Today in church, during the most reflective part, a little girl in a soft pink Easter dress spilled her grape communion juice. It trickled down her dress and pooled on the floor beneath her sandals. I was sitting two rows behind her.

Quickly, her grandpa and grandma (who happened to be the pastor and his wife!) found a cloth and began to wipe her dress and the floor. Her father joined in, trying to minimize the damage. And then, her mother–hawk-like and decisive–turned from her seat at the end of the aisle and made her way to where her daughter sat.

I felt myself bristle. Would this mother scold? Would she grab her daughter and drag her out of the church, shaming her for distracting the other worshipers? Was the Easter dress expensive, and would the little girl be punished for staining it?

The mother leaned down to her daughter. I couldn’t see the daughter’s face, but she had her head down, shaking.

The mother took the child’s face in her hands, firmly, tilting the chin up.

Then, looking clearly into that little girl’s eyes, she kissed her cheek and smiled.

It’s Easter.

Something about the way that mother held the girl’s face, something about tilting a chin up, something about that soft kiss overwhelmed me. It was a picture of God’s grace: choosing to love and not shame, lifting a face, covering a stain with a kiss. It was Easter flair.

Maybe I was so struck because I studied the emotion of shame in graduate school. When we feel tormenting inferiority because of a shortcoming, the body’s response is to look down. We hide. We cannot endure the gaze of an audience.

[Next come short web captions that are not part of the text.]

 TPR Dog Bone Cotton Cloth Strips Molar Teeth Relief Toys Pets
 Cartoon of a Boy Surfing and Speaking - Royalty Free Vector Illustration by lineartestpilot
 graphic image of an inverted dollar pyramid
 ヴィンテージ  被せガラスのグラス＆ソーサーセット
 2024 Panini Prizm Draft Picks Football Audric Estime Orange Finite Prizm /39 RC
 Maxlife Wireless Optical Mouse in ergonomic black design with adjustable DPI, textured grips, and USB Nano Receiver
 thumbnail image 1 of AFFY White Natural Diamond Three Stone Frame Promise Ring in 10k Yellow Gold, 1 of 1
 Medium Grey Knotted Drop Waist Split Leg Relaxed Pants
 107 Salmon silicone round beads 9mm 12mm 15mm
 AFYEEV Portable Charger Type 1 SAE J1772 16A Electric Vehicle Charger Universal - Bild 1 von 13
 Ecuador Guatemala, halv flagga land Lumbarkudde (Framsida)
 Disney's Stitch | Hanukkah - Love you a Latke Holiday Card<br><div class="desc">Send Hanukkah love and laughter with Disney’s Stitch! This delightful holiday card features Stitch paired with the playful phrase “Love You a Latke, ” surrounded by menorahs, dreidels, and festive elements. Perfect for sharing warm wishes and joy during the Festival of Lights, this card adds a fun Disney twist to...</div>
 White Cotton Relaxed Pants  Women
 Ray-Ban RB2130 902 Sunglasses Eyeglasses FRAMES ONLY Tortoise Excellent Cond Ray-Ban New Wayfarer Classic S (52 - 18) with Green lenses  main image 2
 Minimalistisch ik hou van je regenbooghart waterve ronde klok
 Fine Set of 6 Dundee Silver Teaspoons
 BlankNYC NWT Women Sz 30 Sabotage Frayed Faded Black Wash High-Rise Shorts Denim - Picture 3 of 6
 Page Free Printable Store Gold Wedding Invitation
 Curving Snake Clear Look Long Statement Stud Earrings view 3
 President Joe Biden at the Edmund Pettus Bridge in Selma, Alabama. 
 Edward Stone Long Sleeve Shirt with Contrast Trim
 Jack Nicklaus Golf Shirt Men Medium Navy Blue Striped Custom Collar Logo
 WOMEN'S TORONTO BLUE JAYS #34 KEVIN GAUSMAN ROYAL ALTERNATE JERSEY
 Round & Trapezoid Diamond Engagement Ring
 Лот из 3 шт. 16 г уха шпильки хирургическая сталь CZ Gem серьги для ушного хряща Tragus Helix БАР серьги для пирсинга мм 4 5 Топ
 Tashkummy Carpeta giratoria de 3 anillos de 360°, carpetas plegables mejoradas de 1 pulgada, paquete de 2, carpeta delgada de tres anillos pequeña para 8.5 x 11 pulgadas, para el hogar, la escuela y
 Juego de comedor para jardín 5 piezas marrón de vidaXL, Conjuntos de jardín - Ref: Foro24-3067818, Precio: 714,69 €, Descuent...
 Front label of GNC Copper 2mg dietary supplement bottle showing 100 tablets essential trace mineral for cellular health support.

But this mother tilted the child’s face up. By refusing to allow the shame response, this mother locked eyes with her daughter and gazed with love and unconditional acceptance.

Later, I saw that little girl laughing and running around at an Easter egg hunt. The bright stain on her dress made no difference to her. But it could have.

Living with flair means I take a face in my hands (even if it’s my own), tilt up the chin, and choose to love regardless of the deep stain. Who isn’t walking around with grape juice on their clothes? Who isn’t that child? Who doesn’t need a love like that?